Why is this regex not matching URLs? - java

I have the following regex:
^(?=\w+)(-\w+)(?!\.)
Which I'm attempting to match against the following text:
www-test1.examples.com
The regex should match only the -test1 part of the string and only if it is before the first .and after the start of the expression. www can be any string but it should not be matched.
My pattern is not matching the -test1 part. What am I missing?
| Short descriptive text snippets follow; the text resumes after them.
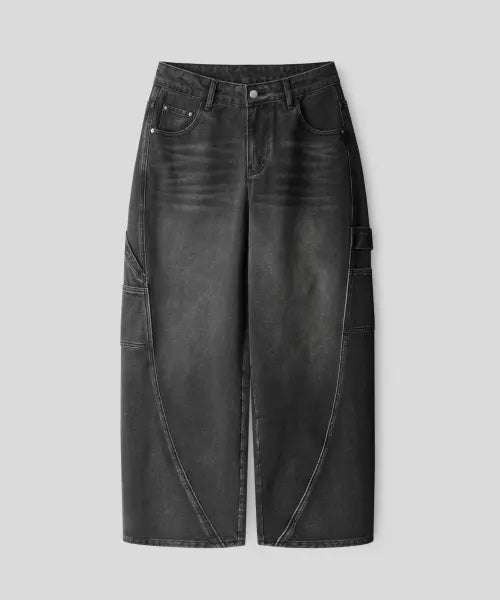 [INDUST] VTG Washed Curved Carpenter Pants_Moon Grey / VTG 워시드 커브드 카펜더 팬츠_문그레이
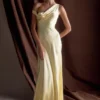 Jacinta One Shoulder Maxi Dress – Pastel Lemon Jacinta One Shoulder Maxi Dress – Pastel Lemon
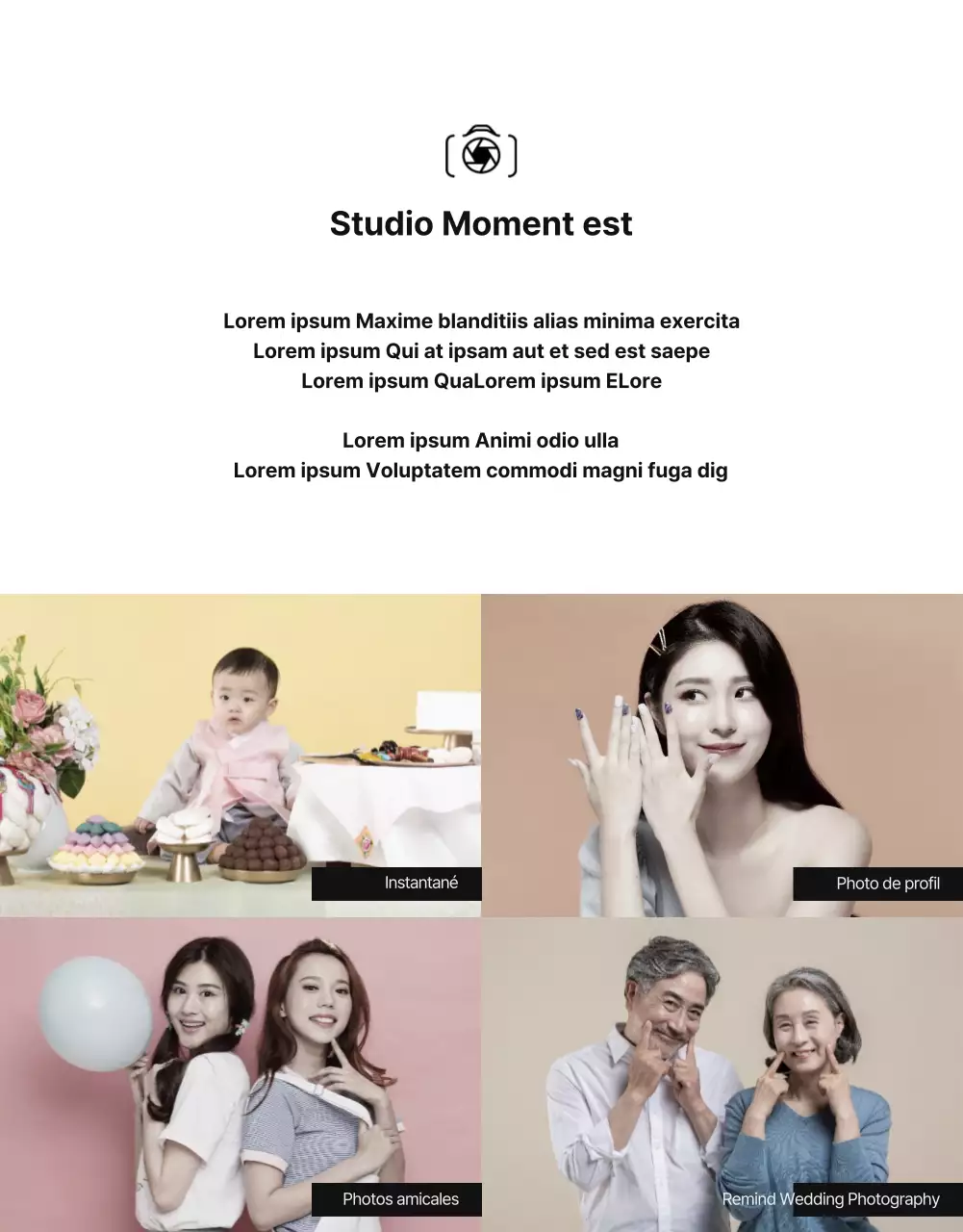 Page détaillée d'un studio photo avec des tons de couleurs en noir et blanc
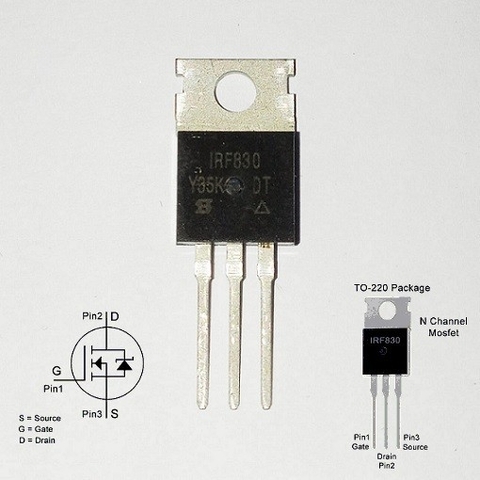 IRF830 Mosfet kênh N 4.5A 500V TO-220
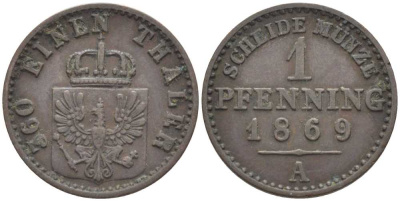 ПРУССИЯ 1 ПФЕННИГ 1869 А, ВИЛЬГЕЛЬМ I (1861-1888) KM 480 медь 201-556
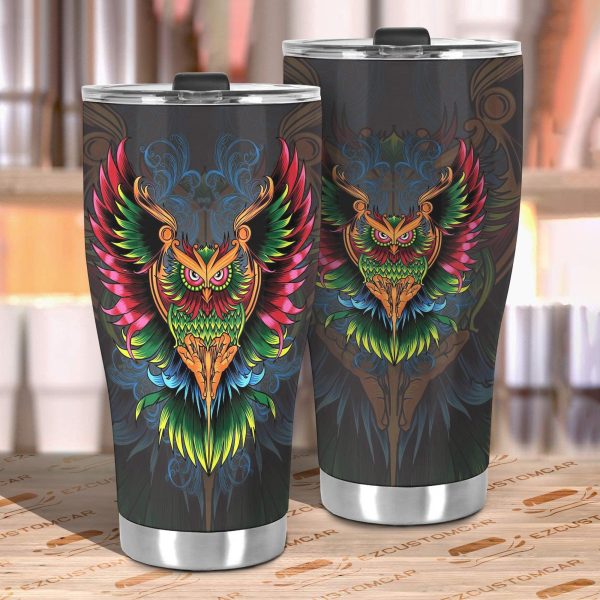 colourful owl car tumbler cup custom owl car accessories q9gya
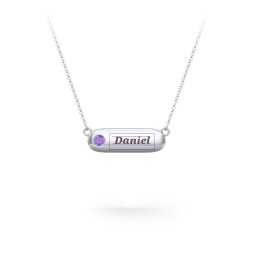 Mini Capsule Pendant with Birthstone in 925 Sterling Silver with Amethyst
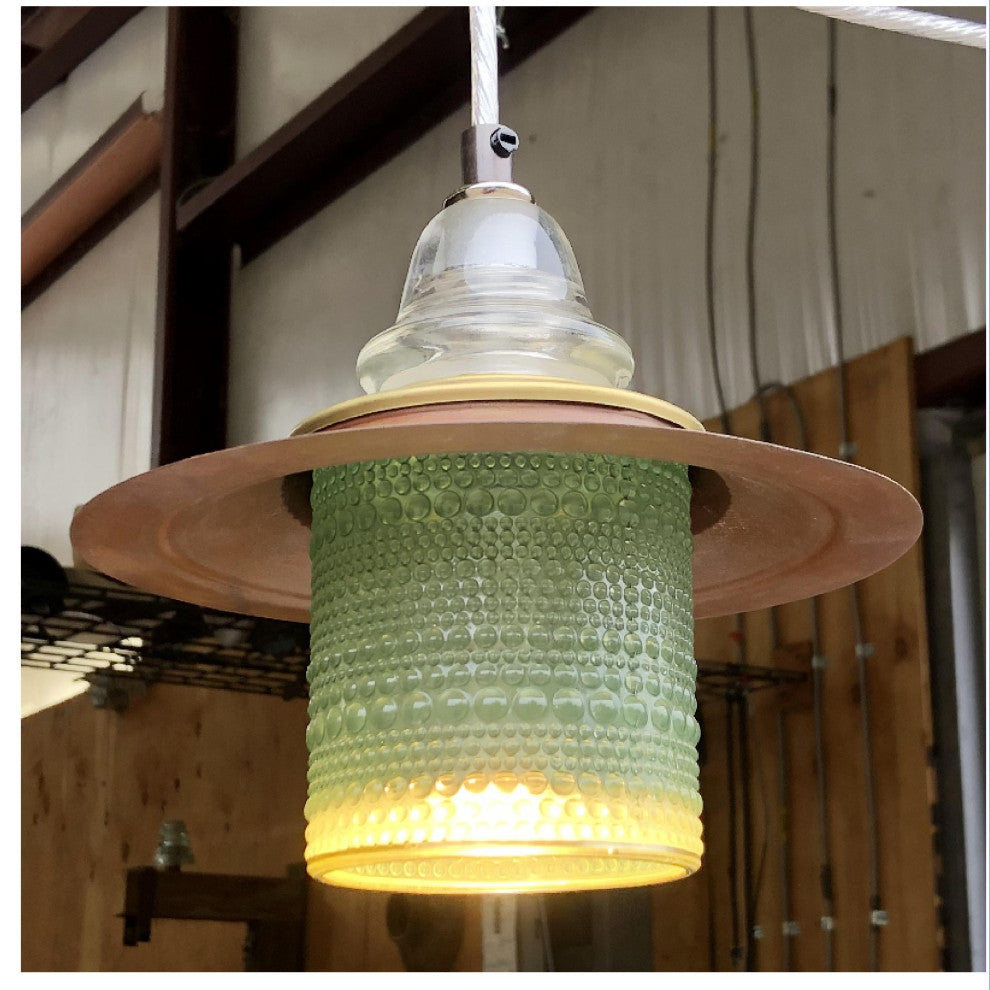 Bubble Glass Globe Pendant Lantern Metal Hood Insulator Bell Cap, Aqua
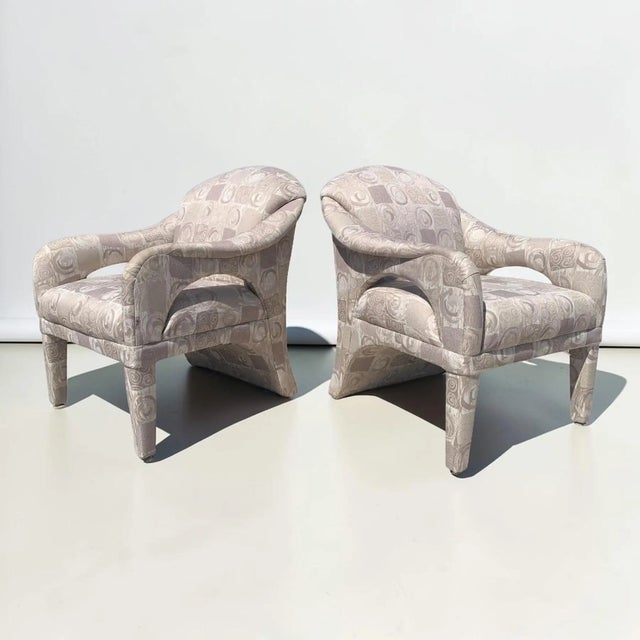Mid-Century Modern Kagan Style Postmodern Sculptural Chairs by Carson’s - A Pair For Sale - Image 3 of 8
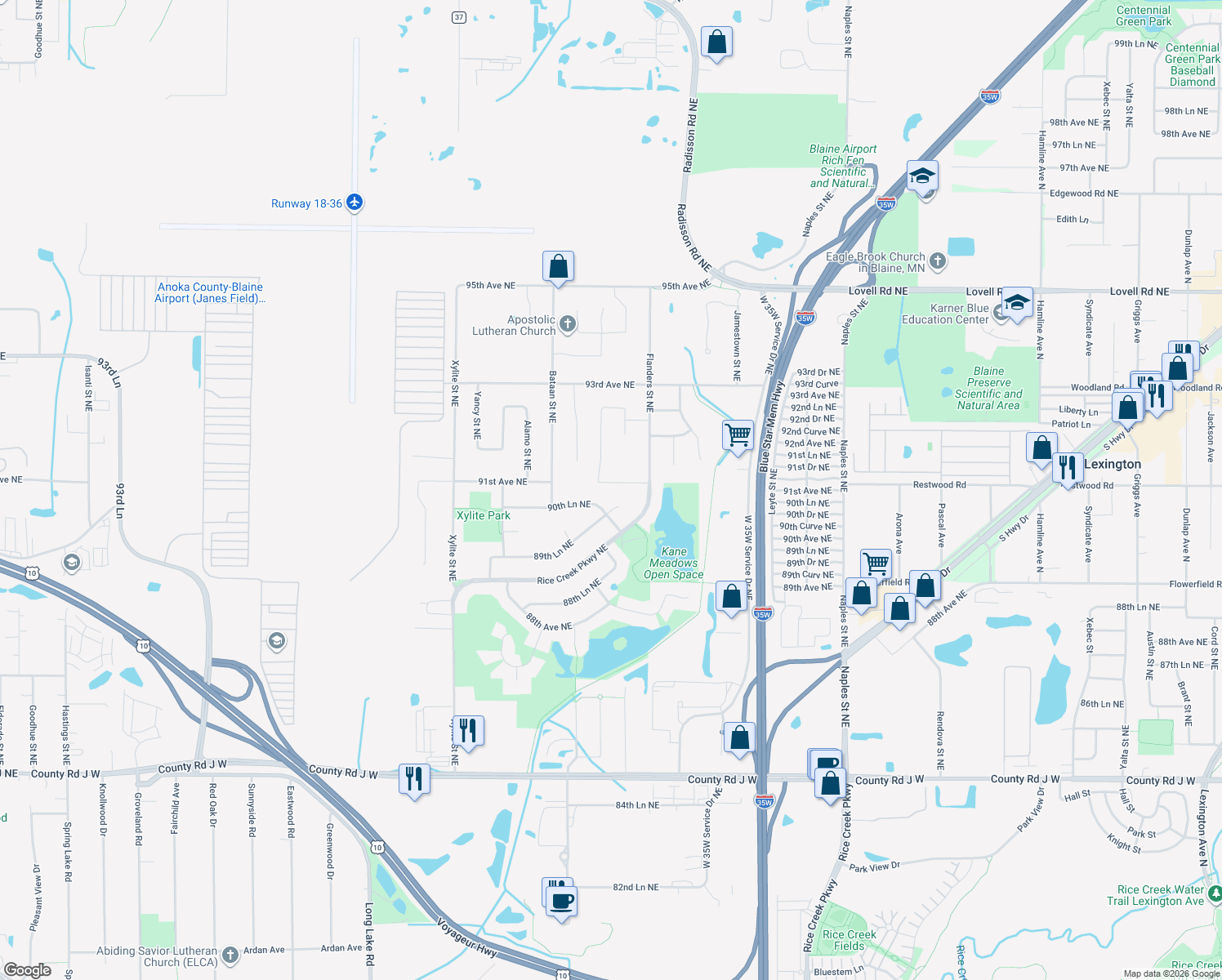 map of restaurants, bars, coffee shops, grocery stores, and more near 2960 91st Avenue Northeast in Blaine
Java is one of the only languages that support non-fixed-length look-behinds (which basically means you can use quantifiers), so you can technically use the following:
(?<=^\w+)(-\w+)
This will match for -test without capturing the preceding stuff. However, it's generally not advisable to use non-fixed-length look-behinds, as they are not perfect, nor are they very efficient, nor are they portable across other languages. Having said that.. this is a simple pattern, so if you don't care about portability, sure, go for it.
The better solution though is to group what you want to capture, and reference the captured group (in this case, group 1):
^\w+(-\w+)
p.s. - \w will not match a dot, so no need to look ahead for it.
p.p.s. - to answer your question about why your original pattern ^(?=\w+)(-\w+)(?!\.) doesn't match. There are 2 reasons:
1) you start out with a start of string assertion, and then use a lookahead to see if what follows is one or more word chars. But lookaheads are zero-width assertions, meaning no characters are actually consumed in the match, so the pointer doesn't move forward to the next chars after the match. So it sees that "www" matches it, and moves on to the next part of the pattern, but the actual pointer hasn't moved past the start of string. So, it next tries to match your (-\w+) part. Well your string doesn't start with "-" so the pattern fails.
2) (?!\.) is a negative lookahead. Well your example string shows a dot as the very next thing after your "-test" part. So even if #1 didn't fail it, this would fail it.

The problem you're having is the lookahead. In this case, it's inappropriate if you want to capture what's between the - and the first .. The pattern you want is something like this:
(-\w+)(?=\.)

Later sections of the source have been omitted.